Partial least squares regression

A technique that reduces the predictors to a smaller set of uncorrelated components and performs least squares regression on these components, instead of on the original data. Partial least squares (PLS) is particularly useful when your predictors are highly collinear, or when you have more predictors than observations and ordinary least squares regression either produces coefficients with high standard errors or fails completely.

PLS is primarily used in the chemical, drug, food, and plastic industries. A common application is to model the relationship between spectral measurements (NIR, IR, UV), which include many variables that are often correlated with one another, and chemical composition or other physio-chemical properties. In PLS, the emphasis is on developing predictive models. For this reason, PLS is not usually used to screen out variables that are not useful in explaining the response.
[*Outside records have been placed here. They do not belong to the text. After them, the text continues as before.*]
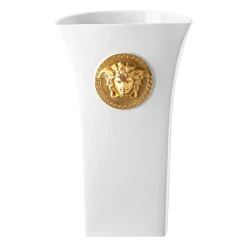 Versace Bodenvasen|Große Vasen|Vase 34 cm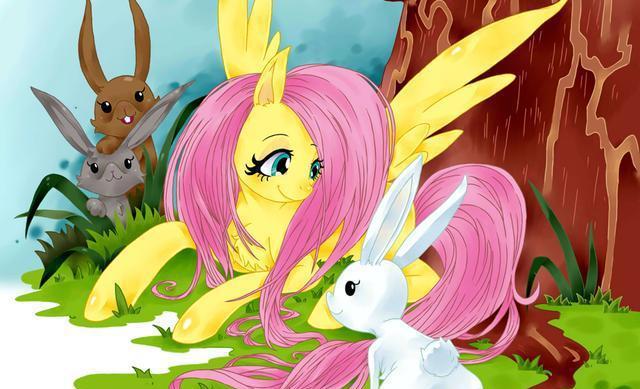 小马 win0_小马win7系统_小马win7激活工具怎么用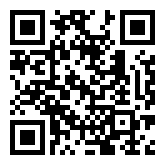 https://www.fou.net/post/60851.html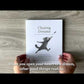 CHASING DREAMS How to Add More Daring to Your Doing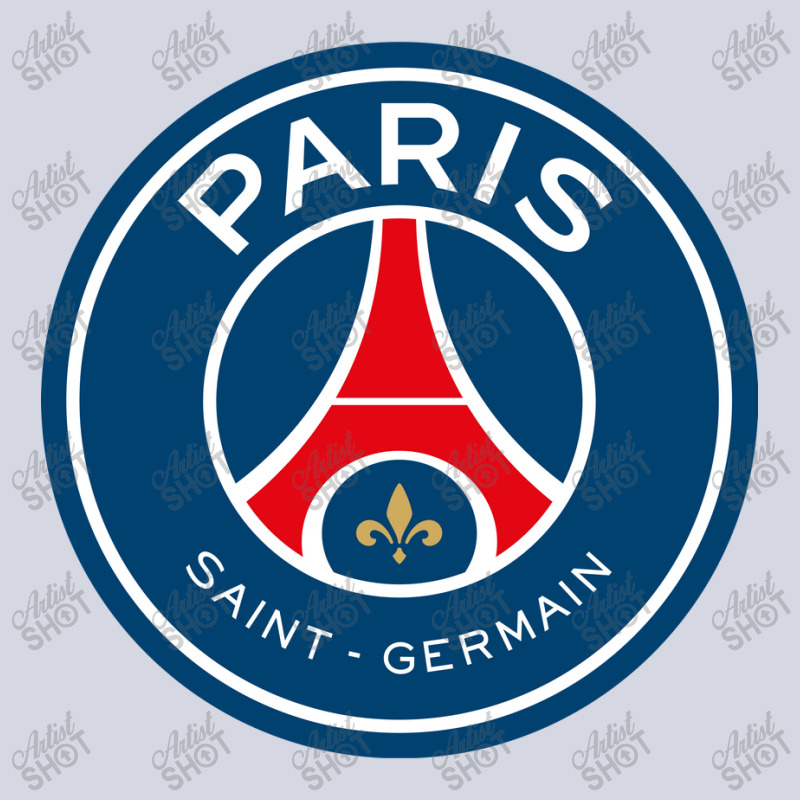 The-paris-saint-germain-merch Fleece Short by shanzahi | Artistshot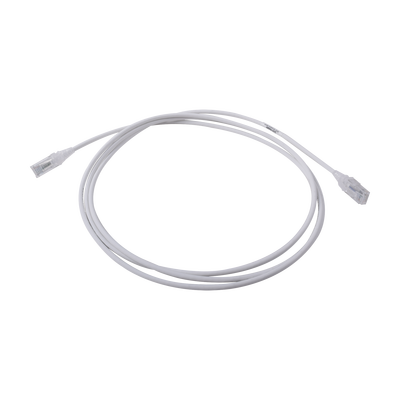 [MC6-07-0228] SIEMON MC6-07-0228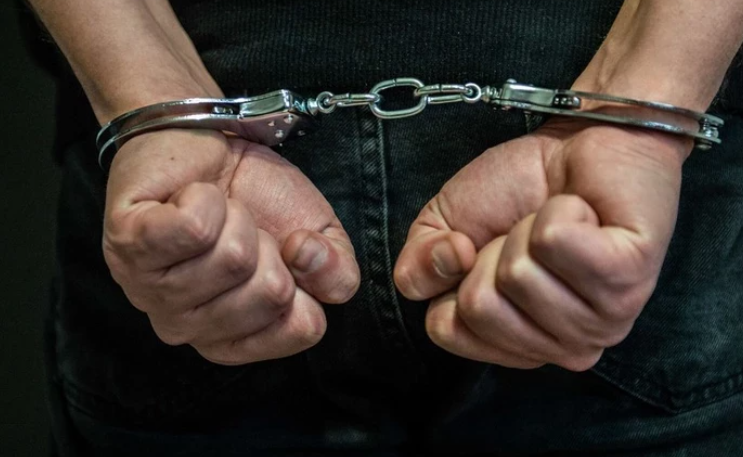 В Сабирабаде по подозрению в насилии над 4-летней девочкой задержан пожилой мужчина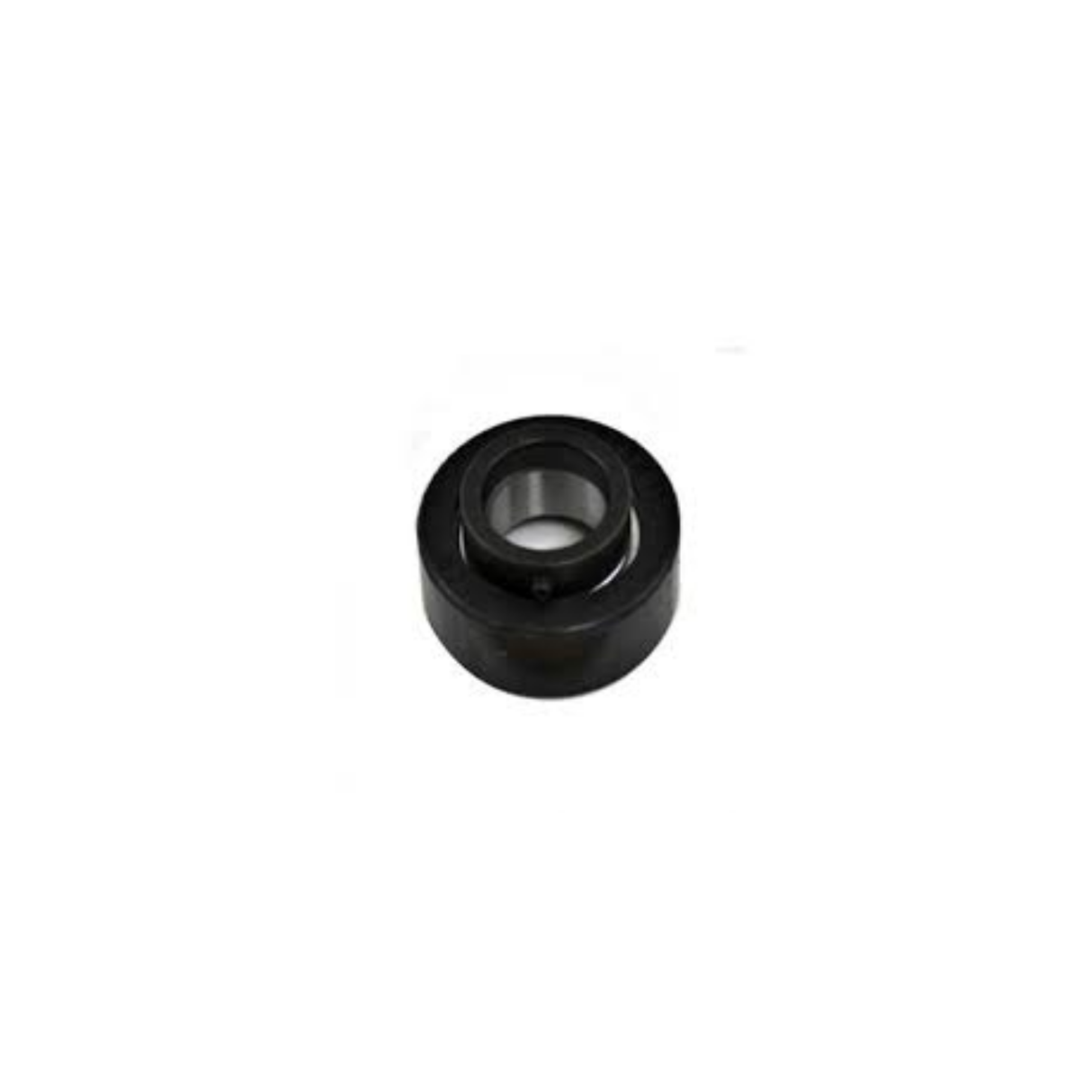 International Comfort Products 1171035 Ball Bearing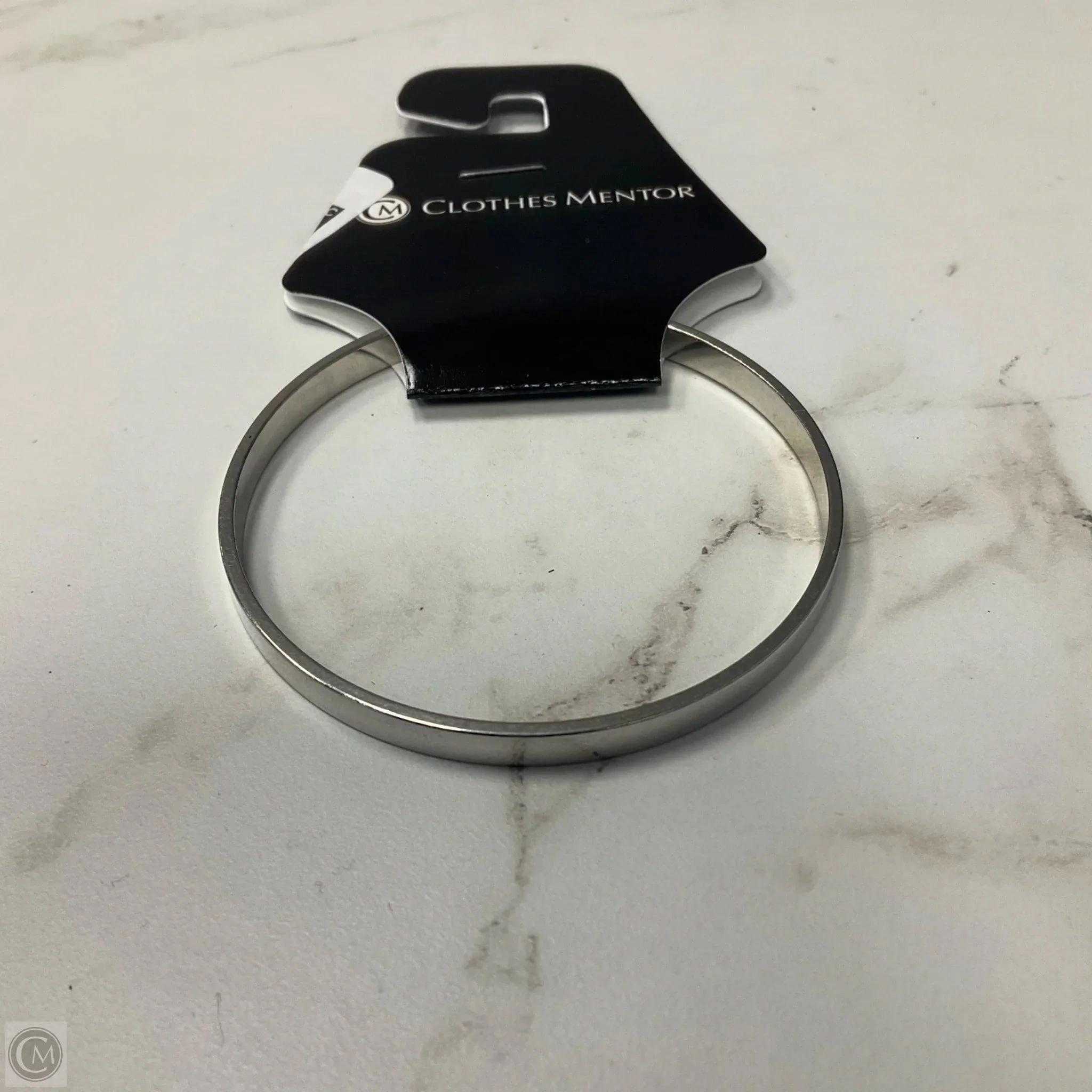 Bracelet Bangle By Clothes Mentor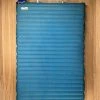 Thermarest Neo Air Sleeping Pad Camping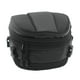 thumbnail image 4 of Bolsa trasera para asiento de motocicleta, tela Oxford resistente al agua, ligera, accesorios de gran capacidad, bolsa para equipaje trasero, 4 of 9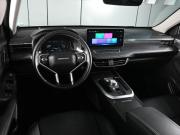 Haval Jolion I Ростов-на-Дону  - изображение 24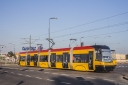 3116_PowstancowSlaskich.jpg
PLS can calculate as many components as there are predictors; often, cross-validation is used to identify the smaller set of components that provide the greatest predictive ability. If you calculate all possible components, the resulting model is equivalent to the model you would obtain using least squares regression. In PLS, components are selected based how much variance they explain in the predictors and between the predictors and the response(s). If the predictors are highly correlated, or if a smaller number of components perfectly model the response, then the number of components in the PLS model may be much less than the number of predictors.

Unlike least squares regression, PLS can fit multiple response variables in a single model. Because PLS models the responses in a multivariate way, the results may differ significantly from those calculated for the responses individually. Include multiple responses in a single model only if the responses are correlated; if not, fit a separate model for each response.